Recorded information =

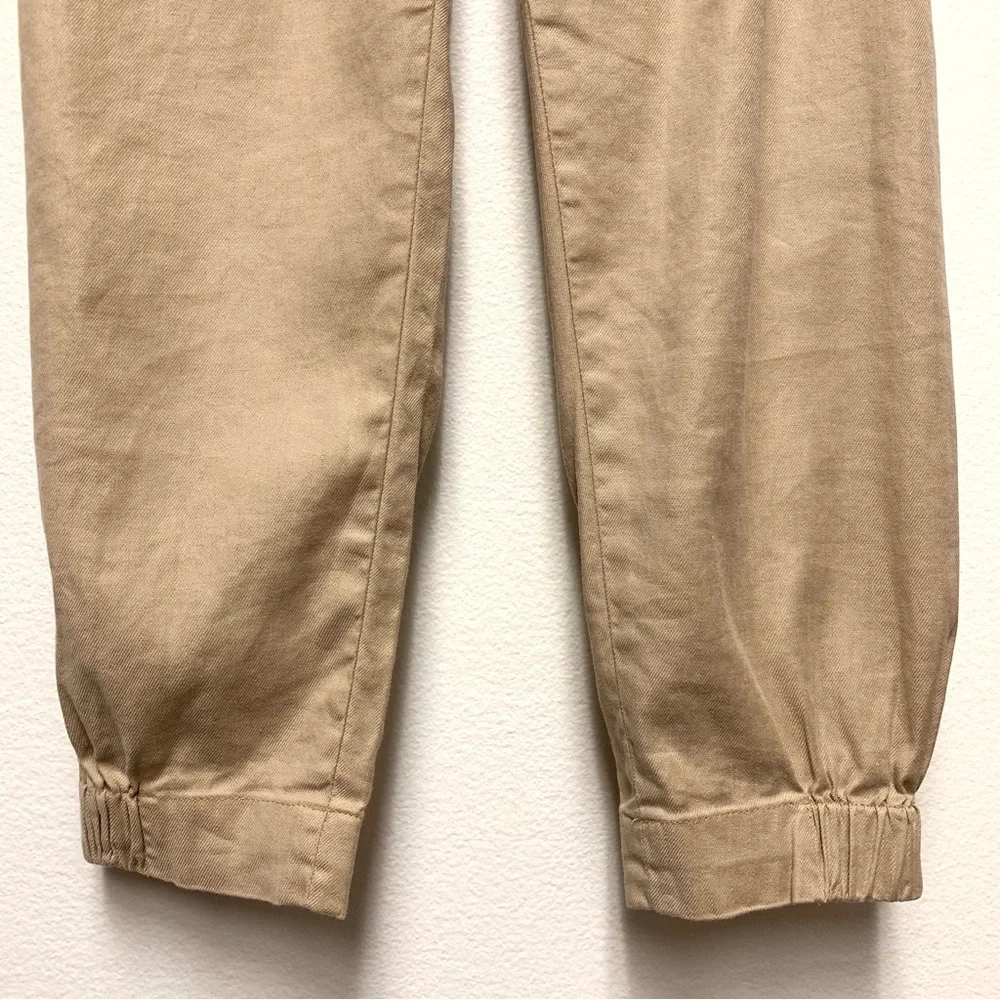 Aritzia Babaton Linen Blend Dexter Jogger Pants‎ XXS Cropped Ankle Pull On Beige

--

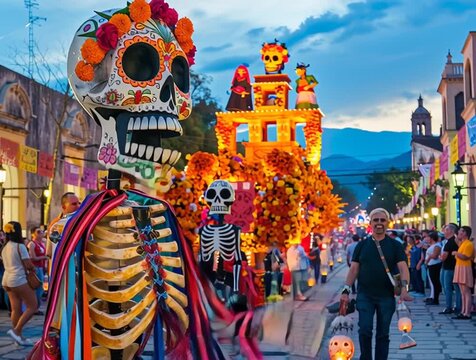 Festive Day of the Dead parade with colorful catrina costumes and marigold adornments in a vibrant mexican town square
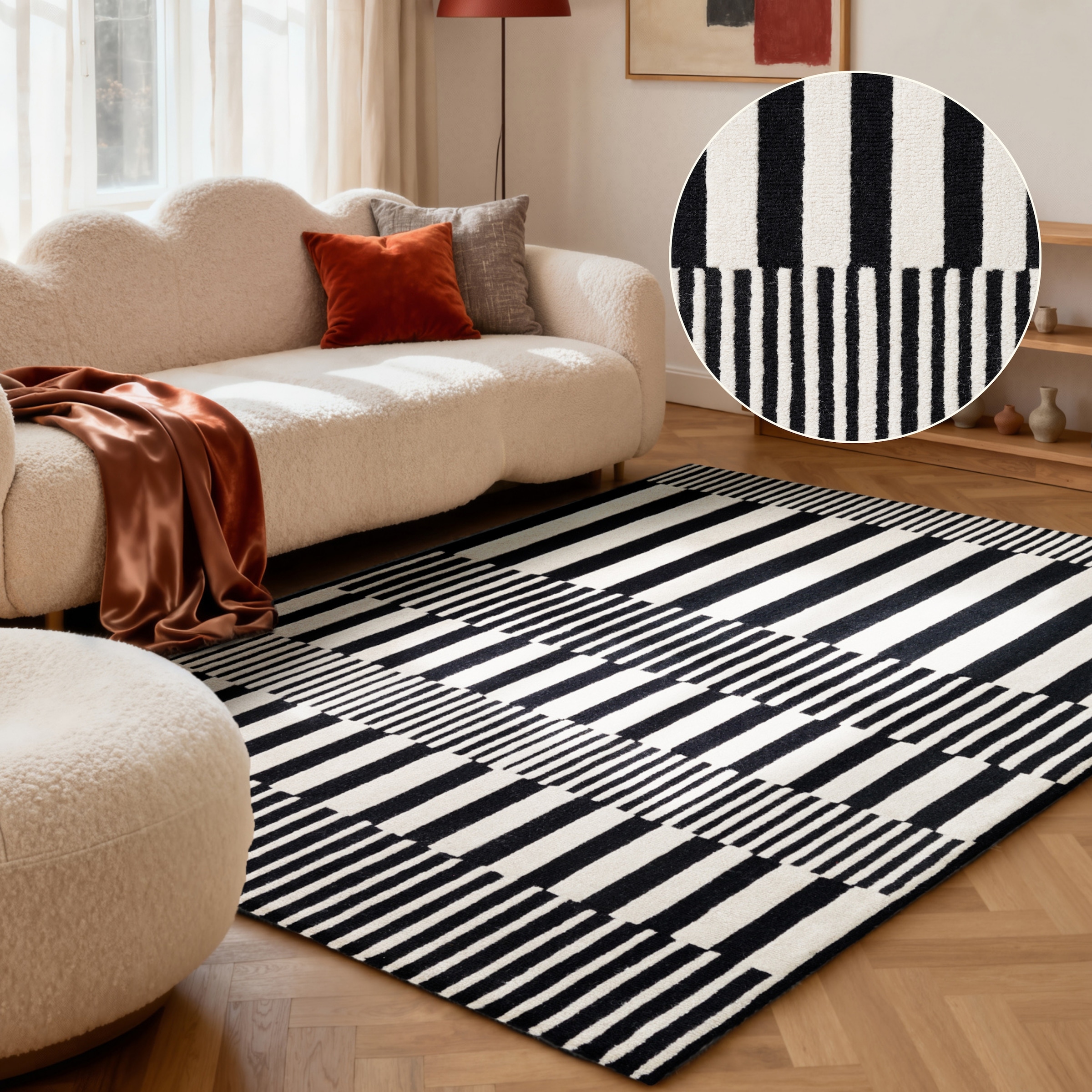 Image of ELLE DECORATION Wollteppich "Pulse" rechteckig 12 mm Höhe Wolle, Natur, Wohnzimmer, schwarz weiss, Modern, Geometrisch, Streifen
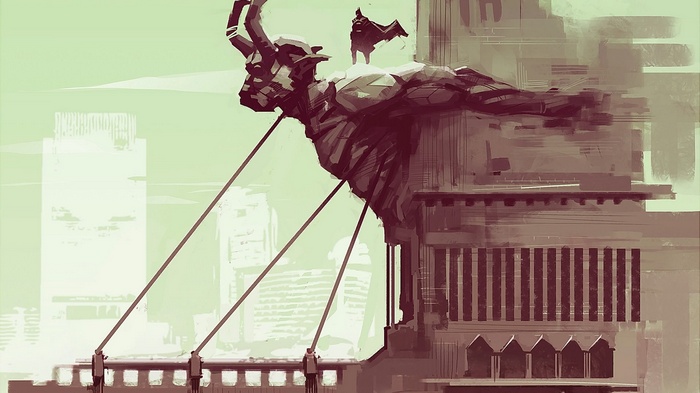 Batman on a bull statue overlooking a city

Work request = Copy exactly, without pictures, the lines above from the one with "Image of ELLE" down to the one with "Batman on a bull statue overlooking a city", inclusive.

Exercise output =
 Image of ELLE DECORATION Wollteppich "Pulse" rechteckig 12 mm Höhe Wolle, Natur, Wohnzimmer, schwarz weiss, Modern, Geometrisch, Streifen
 Batman on a bull statue overlooking a city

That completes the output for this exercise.